Top Intel Core Ultra 9 “Arrow Lake-S” Part Boost Clocks Surface

Intel Core Ultra “Arrow Lake-S” desktop processors are expected to debut later this year, and introduce the new Lion Cove P-cores, along with Skymont E-cores to the desktop platform. Engineering samples and qualification samples with specs close to retail chips seem to already be in the hands of PC OEMs and motherboard vendors, given the volume of leaks over the past few days. Jaykihn0, one of the more influential sources of these leaks, revealed a few interesting details of the maximum boost frequencies of these chips.

The QS of a top Core Ultra 9 “Arrow Lake-S” SKU, probably the flagship model that succeeds the current Core i9-14900K, is described as having a maximum P-core boost frequency of 5.70 GHz, and an all-P-core boost frequency of 5.40 GHz. The maximum E-core boost frequency, which is also the all-E-core boost frequency, is said to be 4.60 GHz. Let’s unpack this. “Arrow Lake” uses the same mix of “Lion Cove” P-cores and “Skymont” E-cores as “Lunar Lake,” albeit arranged along a ringbus, and sharing an L3 cache, unlike on “Lunar Lake,” where the P-cores have their own exclusive L3 cache, and the E-cores are arranged in a low-power island, with the fabric of the SoC tile connecting the two.

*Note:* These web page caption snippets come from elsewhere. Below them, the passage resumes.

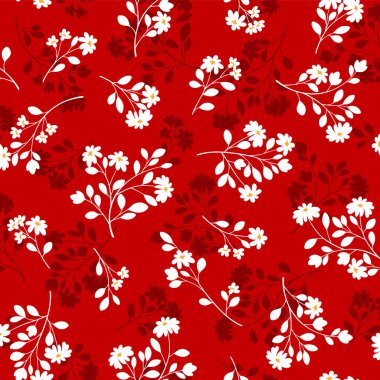 Tekstil deseni için uygun sevimli çiçek deseni,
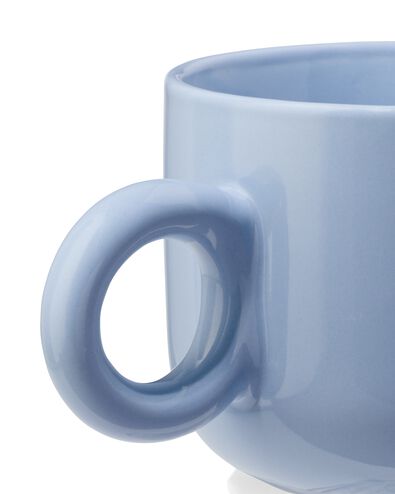tasse &agrave; th&eacute; 480ml fa&iuml;ence bleu clair smiley - 61100282 - HEMA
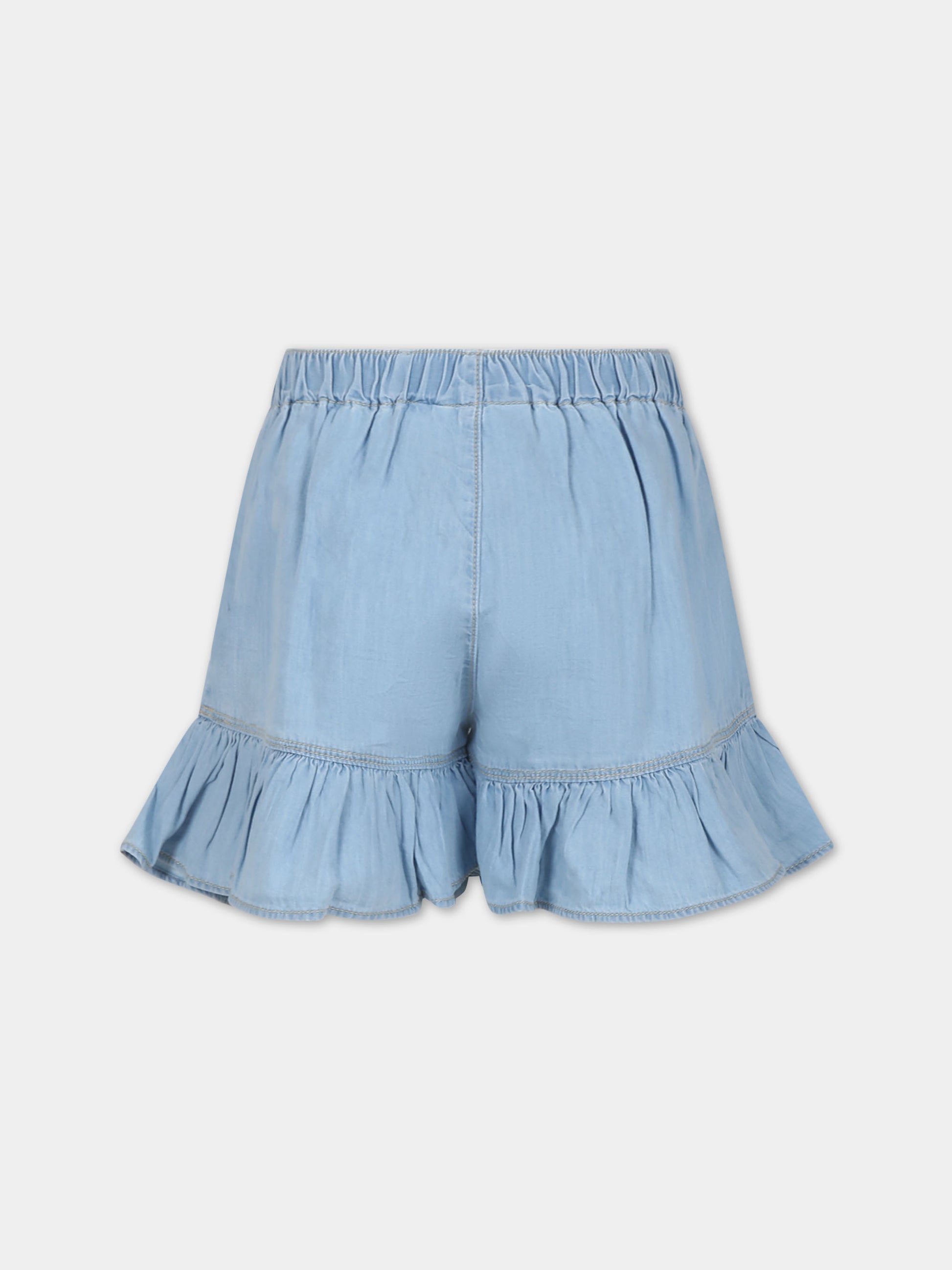 Shorts blu per bambina,Molo,2S24H109 2970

We know from the “Lunar Lake” deep-dive from Intel, that the company claims a 14% IPC gain for “Lion Cove” over the previous generation “Redwood Cove” P-core found in “Meteor Lake.” Given that “Redwood Cove” cores have been tested in the real world to offer roughly similar IPC to the “Raptor Cove” P-cores powering “Raptor Lake,” if Intel’s IPC claims for “Lion Cove” hold, then at 5.70 GHz, the P-cores of “Arrow Lake-S” should be 14% faster than “Raptor Cove.” It’s worth noting here that “Lion Cove” cores lack Hyper-Threading, but “Arrow Lake-S” has 8 of these, and as our recent “Zen 5 without SMT” article has shown, games largely aren’t affected with the lack of SMT/HTT if the core count is as high as 8.

The cache sub-system of “Arrow Lake-S” is another interesting factor that could influence its gaming performance. Each “Lion Cove” P-core on the Core Ultra 9 “Arrow Lake-S” is expected to have 3 MB of dedicated L2 cache, and the 8 P-cores share 36 MB of L3 cache along with the four “Skymont” E-core clusters. Thread Director tends to avoid scheduling game workloads on the E-cores, unless there are specific optimizations within the game that use them (eg: for processing game physics, audio DSPs, network stack, etc).

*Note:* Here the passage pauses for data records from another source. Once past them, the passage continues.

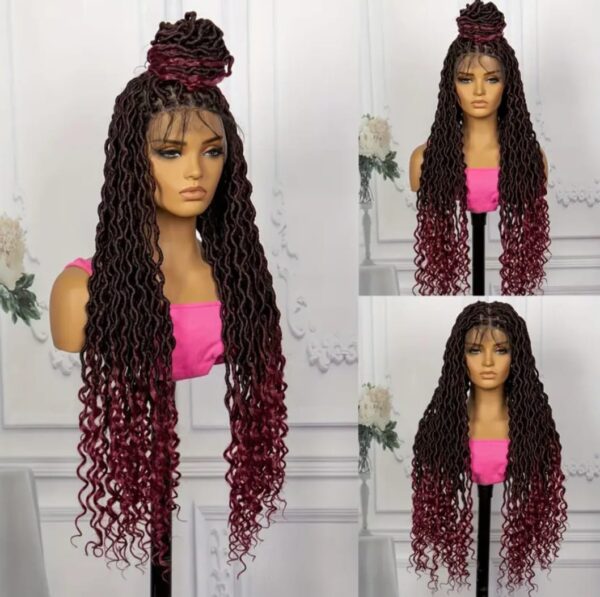 Locks noire 36 pouces rouge noire – Image 2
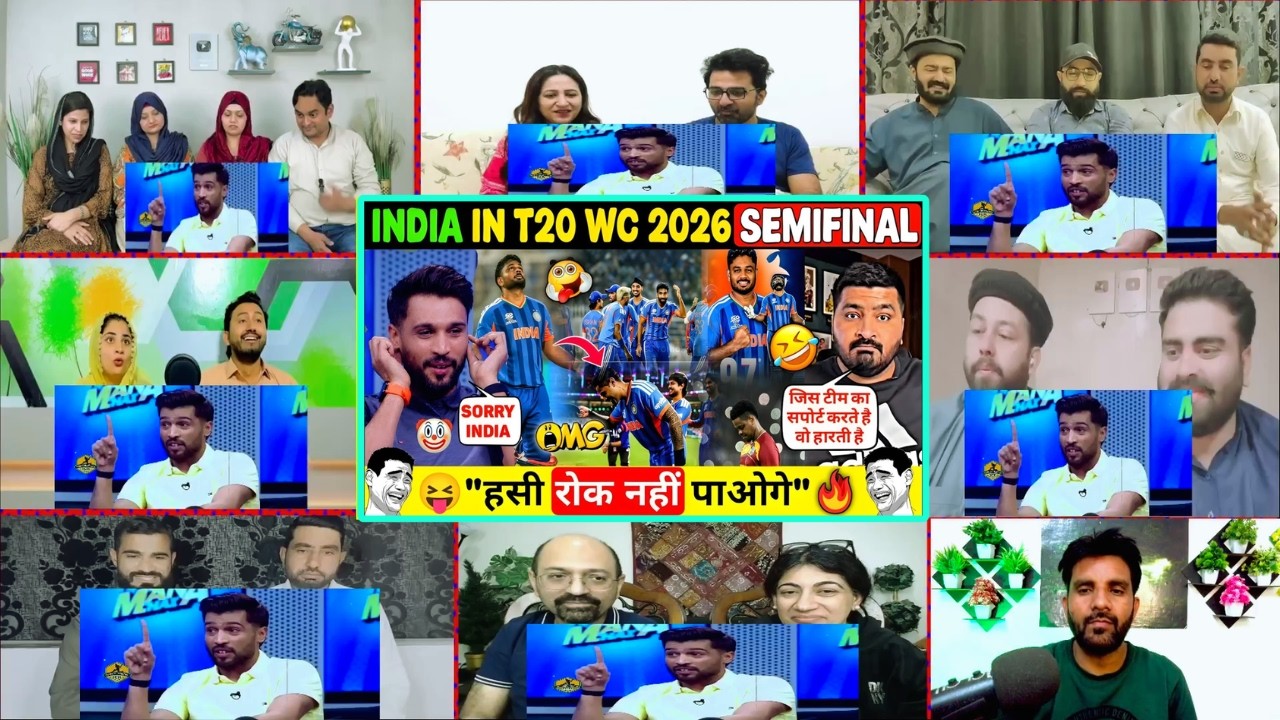 😂 Mohmad Amir Crying 😭 Sanju’s 97 Sends India To Semis In T20 Wc 2026 🔥 Pak Media Reaction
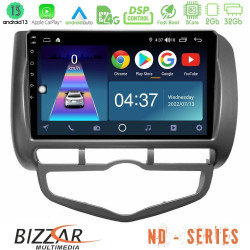Bizzar ND Series 8Core Android13 2+32GB Honda Jazz 2002-2008 (Auto A/C) Navigation Multimedia Tablet 9 Bizzar ND Series 8Core Android13 2+32GB Honda Jazz 2002-2008 (Auto A/C) Navigation Multimedia Tablet 9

Intel has promised a massive IPC leap for the “Skymont” E-cores over the current “Gracemont,” with the company claiming an IPC resembling that of the “Raptor Lake” P-core. Of course there are some riders—”Skymont” cores don’t boost nearly as high as “Raptor Cove” P-cores do, even in this top Core Ultra 9 SKU, the maximum E-core boost frequency is a moderate 4.60 GHz. Also, the SPECrate2017 benchmark Intel uses in its IPC calculations isn’t memory intensive; “Skymont” cores are clustered into groups of four cores, and made to share a 4 MB L2 cache on “Arrow Lake-S.”

All in all, with these frequencies, the top Core Ultra 9 “Arrow Lake-S” part seems to be gunning for the gaming performance leadership crown from AMD, which has held the bragging rights of selling the fastest gaming processor for 16 months now (since the April 2023 launch of the Ryzen 7 7800X3D).